:: What this task involves ::
Exclude all pictures, then write out exactly the lines below from the first one through the line with "map of restaurants, bars, coffee".

:: Entries provided ::
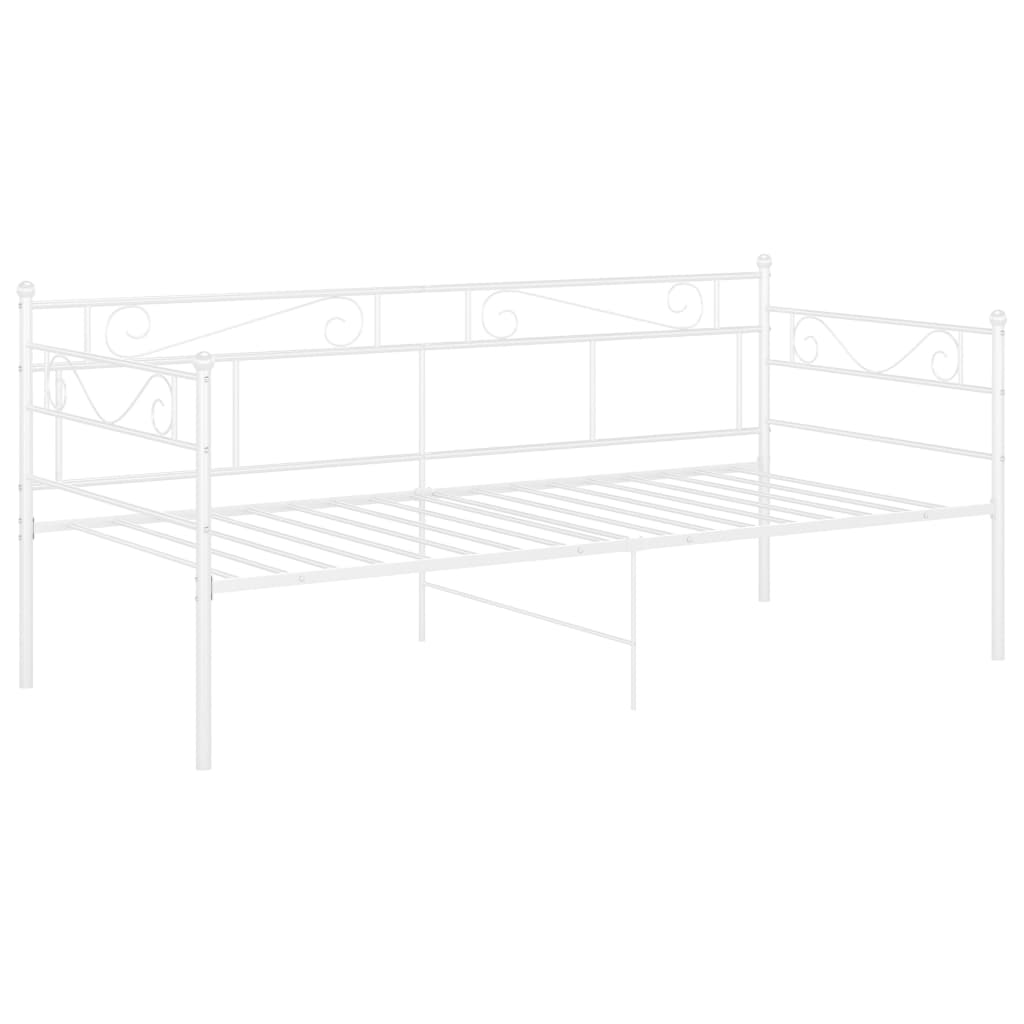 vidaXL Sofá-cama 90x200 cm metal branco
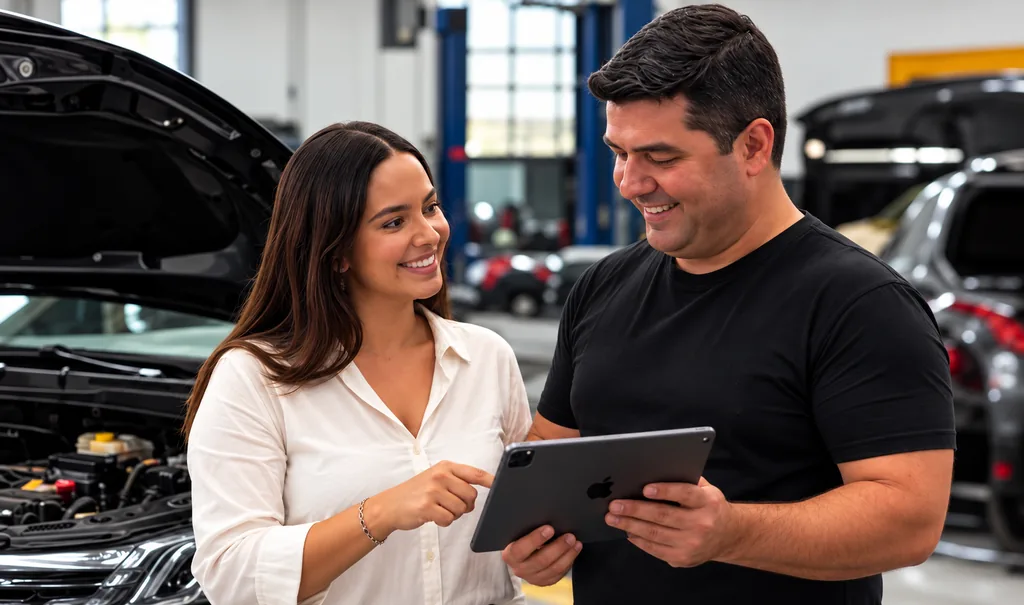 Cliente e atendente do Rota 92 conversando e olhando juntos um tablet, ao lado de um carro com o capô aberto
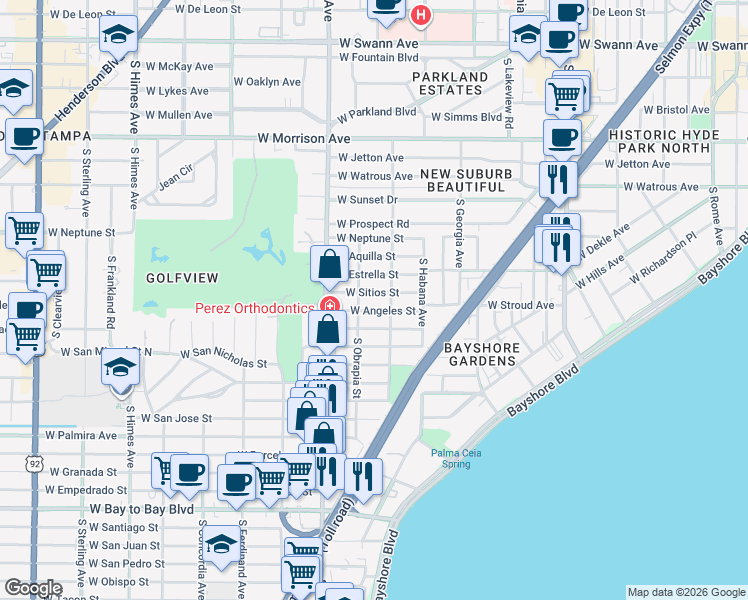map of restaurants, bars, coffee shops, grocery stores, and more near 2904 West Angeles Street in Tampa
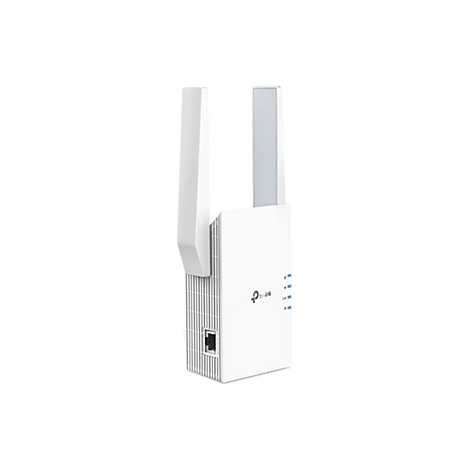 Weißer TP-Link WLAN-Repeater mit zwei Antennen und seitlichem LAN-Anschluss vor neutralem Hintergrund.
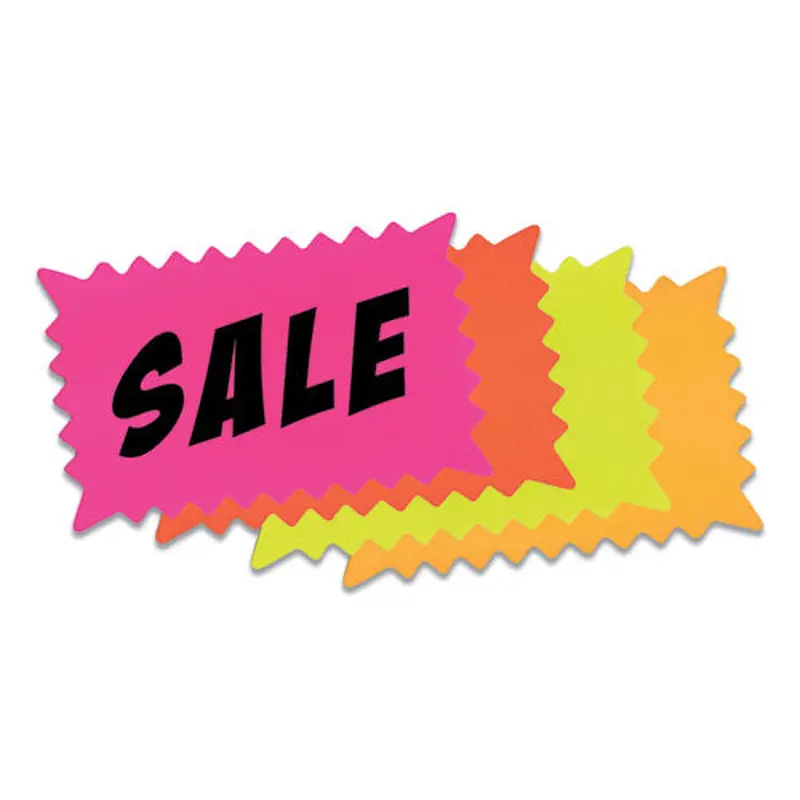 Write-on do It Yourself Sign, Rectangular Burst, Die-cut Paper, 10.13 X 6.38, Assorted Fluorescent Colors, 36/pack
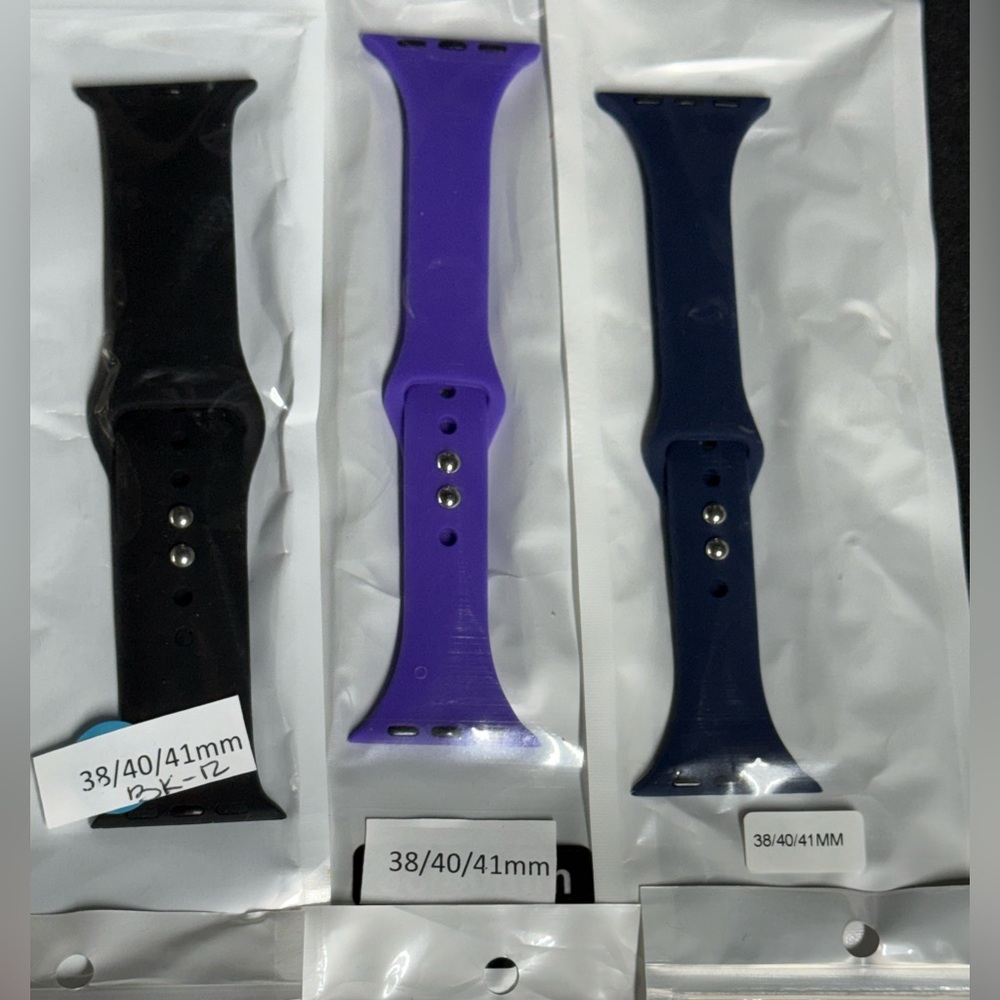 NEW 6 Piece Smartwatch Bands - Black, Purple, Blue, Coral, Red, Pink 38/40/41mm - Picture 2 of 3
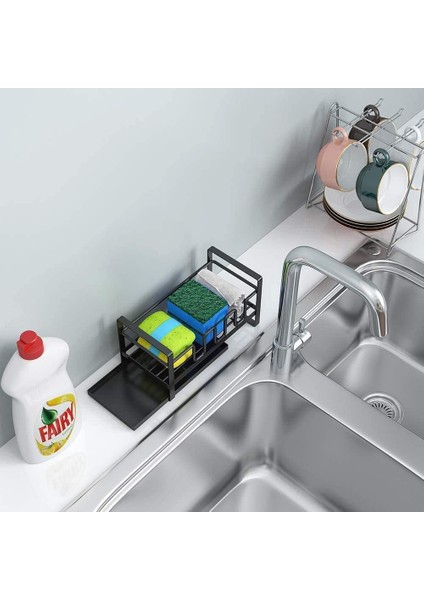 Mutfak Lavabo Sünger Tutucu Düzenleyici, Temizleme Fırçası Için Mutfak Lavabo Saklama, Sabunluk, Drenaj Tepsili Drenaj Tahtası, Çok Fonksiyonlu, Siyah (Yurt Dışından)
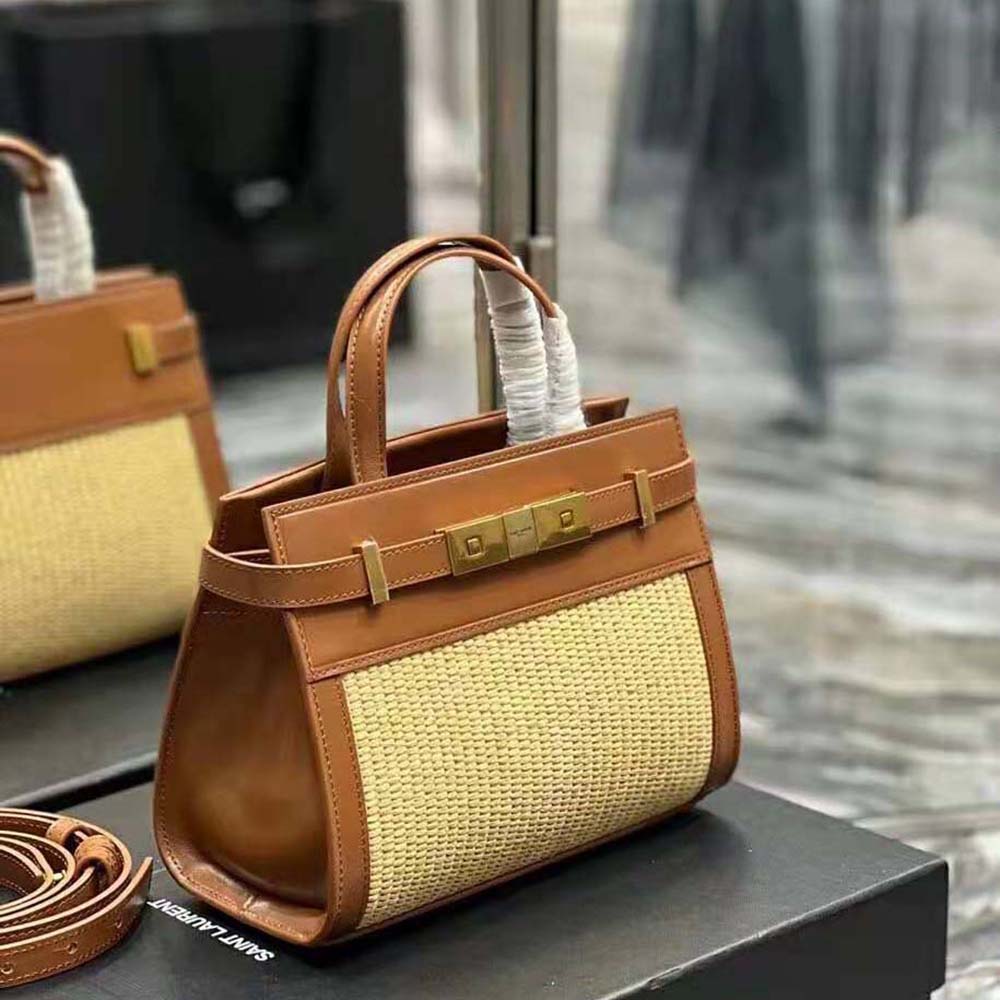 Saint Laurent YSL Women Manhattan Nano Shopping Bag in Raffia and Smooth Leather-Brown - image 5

:: Solved problem ::
 vidaXL Sofá-cama 90x200 cm metal branco
 Cliente e atendente do Rota 92 conversando e olhando juntos um tablet, ao lado de um carro com o capô aberto
map of restaurants, bars, coffee shops, grocery stores, and more near 2904 West Angeles Street in Tampa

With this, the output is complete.